A growing majority of Americans no longer believe President Donald Trump can keep his promises, a new poll by Gallup revealed. The survey detailed the public's increasing disillusion with the president's performance, with the public less likely to view him as a "strong and decisive leader" or as "honest and trustworthy".

The poll, which was conducted on 5-9 April, show that 45% of Americans believe Trump "keeps his promises". The results mark a 17-point decline from February, when 62% of Americans trusted the president to keep his promises.

A slim majority of Americans view Trump as a "strong and decisive leader" at 52%, a seven point decline from February's 59%. Less than 50% of the public think the president "can bring about changes this country needs" (46%), "cares about the needs of people like you" (42%), or "can manage the government effectively" (41%).

Most Americans do not think Trump is "honest and trustworthy," the poll found.

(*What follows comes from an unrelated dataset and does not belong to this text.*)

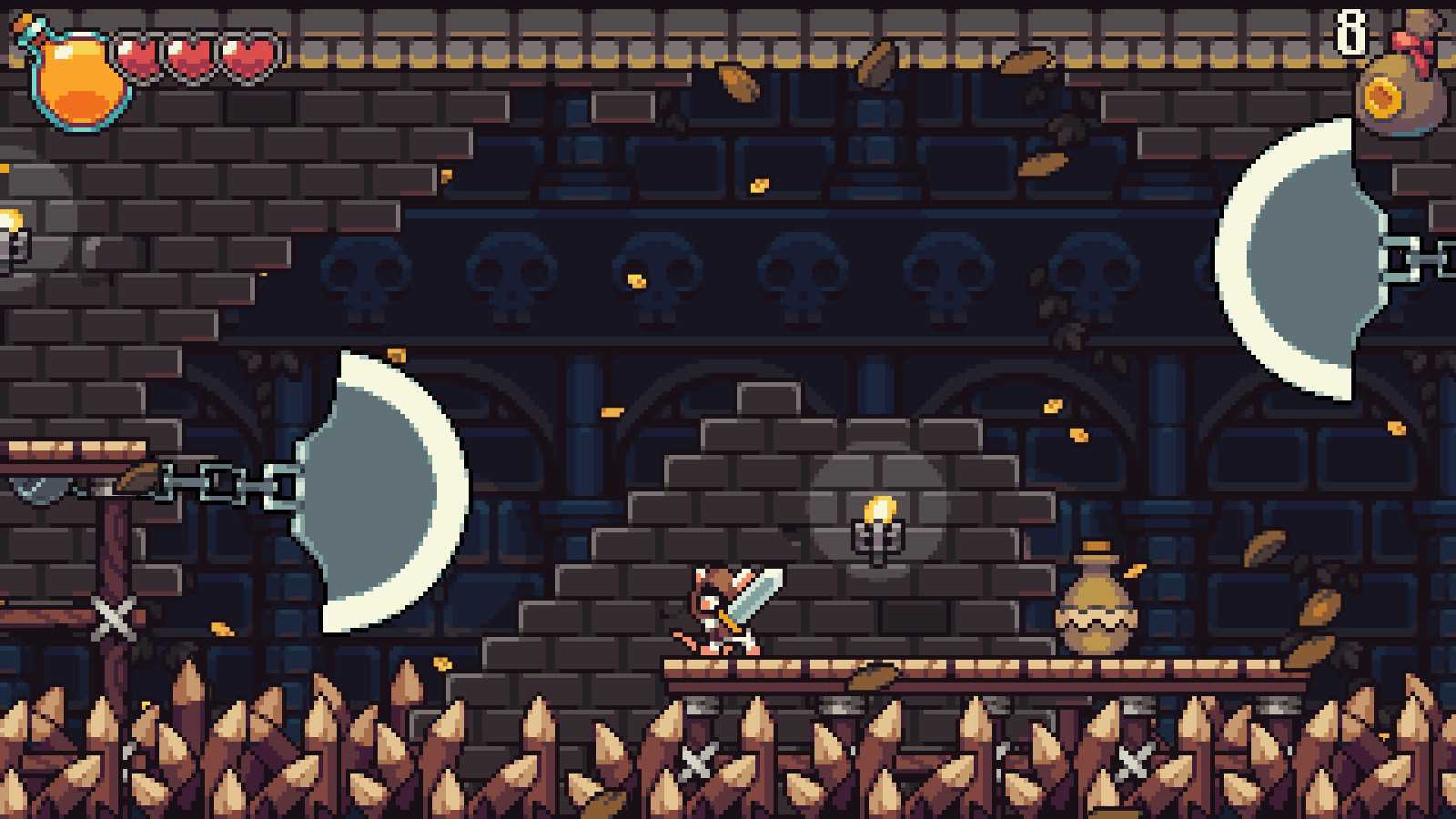 《Pipsqueak!》Steam页面上线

Only 36% of respondents believe the president is honest and trustworthy, down from 42% in February.

According to Gallup, Trump's approval rating dropped two percentage points from when the February poll was conducted to when the April poll was done, from 42% down to 40%. Trump's favourability rating dropped a mere one percentage point between the two polls, from 46% to 45%.

Trump's supporters have expressed their unhappiness that the president has not moved forward on immigration, healthcare or taxes.

The poll did not directly refer to Trump's airstrike on Syria in response to a chemical attack on civilians that killed more than 100 people. The president faced backlash from his supporters after the airstrike earlier in April – around the time the Gallup poll was conducted.

A Washington Post-ABC News poll showed that a slim majority of Americans were found to support his decision to strike against Syrian President Bashar al-Assad's regime.

Meanwhile, his opponents argue he has not protected middle- and working-class Americans.

Gallup noted that the biggest shifts in perception occurred among groups that are less supportive of Trump, including Democrats, liberals, young adults and women. Among those who do not approve of Trump, only 11% say he keeps his promises — down from 35% in February. The greatest drop was among women, from 65% in February to 40% in April.

However, Trump saw a drop across the board in people who believe he keeps his promises. Men, Republicans, older adults and conservatives all saw between 8% and 12% drop in confidence.

Most Americans have viewed Trump unfavourably since before his inauguration and continue to do so nearly 90 days into his term in office. A majority of the public initially gave Trump credit for appearing to keep his promises early in his presidency, but that too has declined, Gallup noted.